Building Support for SDI with Intel Ethernet at Mobile World Congress

It seems ironic to be blogging about wired Ethernet in conjunction with the world’s largest wireless technology show, Mobile World Congress.

But it’s actually very relevant because the “wireless” network is mostly wired and Ethernet is becoming a bigger part of this infrastructure.

That’s why we teamed with Cisco for a joint demonstration of a new Ethernet technology at MWC that shows the potential for virtualized Ethernet as a key part of Intel’s software-defined infrastructure initiative.

SDI is Intel’s vision of the future of the data center – both for enterprises and service providers. In an SDI data center, the network, compute and storage infrastructure are virtualized and managed by orchestration software to enable IT – or applications – to dynamically define and assign resources.

Compute and storage virtualization have been ongoing for some time, but the physical network is just now being virtualized via network virtualization overlays. NVOs are new packet encapsulation techniques that allow the industry to realize some of the same flexibility that we see today in virtualized compute and storage.

Intel has supported acceleration for early NVO protocols (Geneve, VXLAN, and NVGRE) in our Intel® Ethernet Controller XL710, codenamed Fortville. And now we’re supporting the latest NVO protocol - Network Service Header.

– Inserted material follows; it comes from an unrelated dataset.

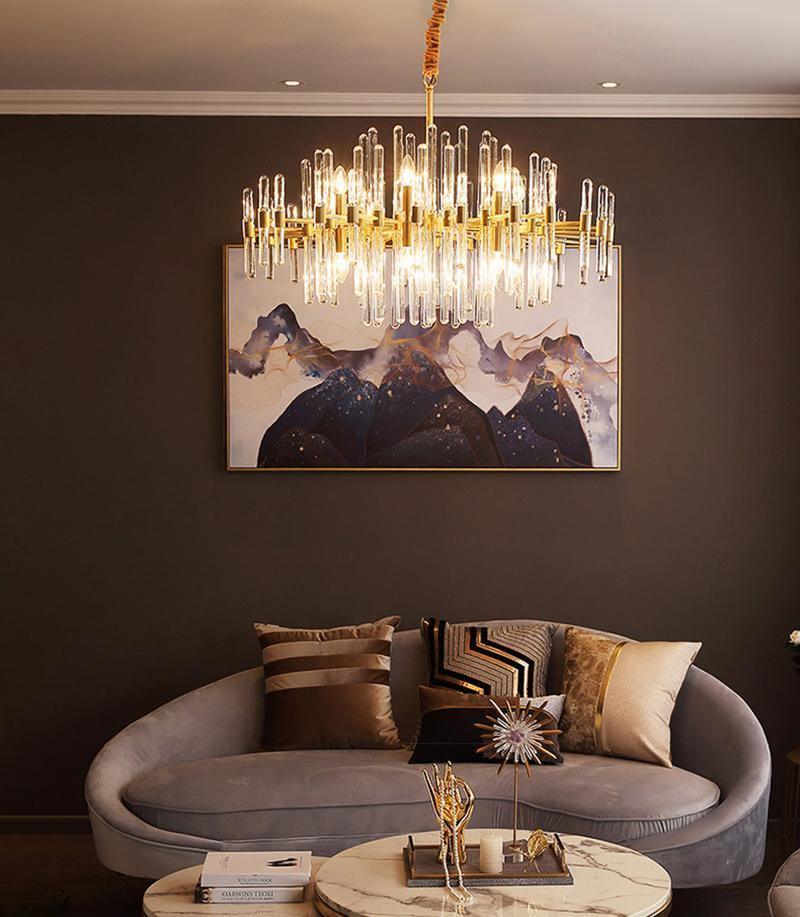 A Clérachic brass and glass rod chandelier lit above a grey curved sofa, with a mountain-print painting on a brown wall.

NSH is an IETF standard originally developed by Cisco that is an important advance in the ability to create service chains, making network design easier by routing packets through specific network services (firewall, encryption, etc.) in a virtualized network. When NSH is used for service chains, it simplifies the creation of complex services.

Which brings us to MWC where Intel and Cisco demonstrated an NFV security service-chaining application based on NSH using Intel’s Red Rock Canyon-based customer reference board.

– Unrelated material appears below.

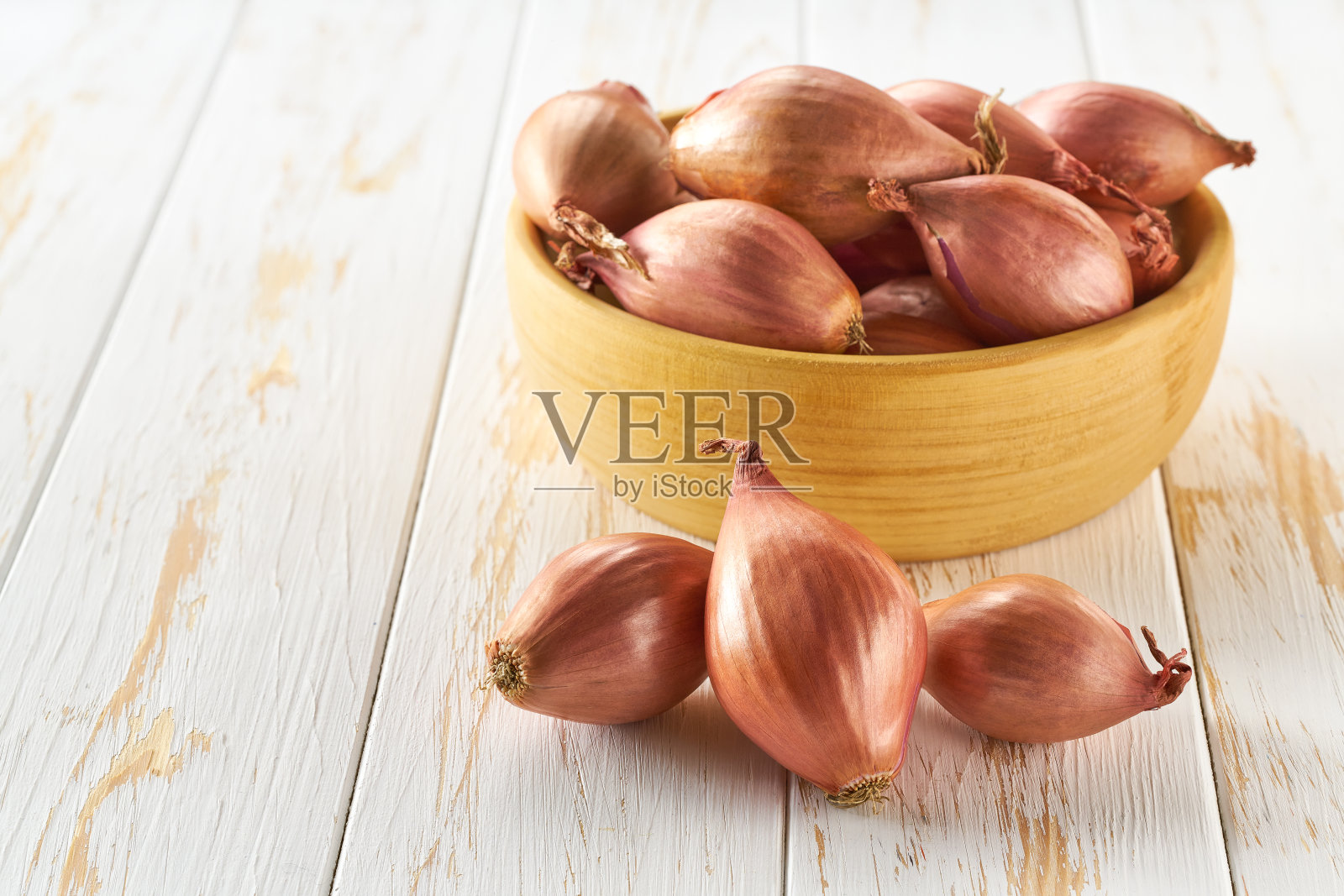 白色桌子上的木碗里放着葱头，为文字留出空间。照片摄影图片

Red Rock Canyon is a new breed of Ethernet product that integrates an Ethernet switch with high-speed network interface controllers. Red Rock Canyon includes PCIe 3.0 interfaces as a low latency way to connect Intel® Xeon-based servers to the network. Red Rock Canyon is now sampling to customers and will launch later this year.

It’s important to note that we’re supporting NSH in firmware at wire speed. This is an innovation that we originally developed for the XL710, which is now available in Red Rock Canyon too. This flexible protocol support is a critical precursor to Ethernet’s role as the interconnect for SDI.

The mission of my team is to provide Intel Ethernet network virtualization and switch innovations that enable the SDI vision.

This means that in addition to controllers, adapters and switches, we’ll be building our flexible Intel® Ethernet into Xeon CPUs and other devices to integrate it more completely with the compute node and with our SDI architecture.

The network may be the last component of the data center to be virtualized, but that is happening right now and it is a major milestone for the promise of SDI to be fully realized.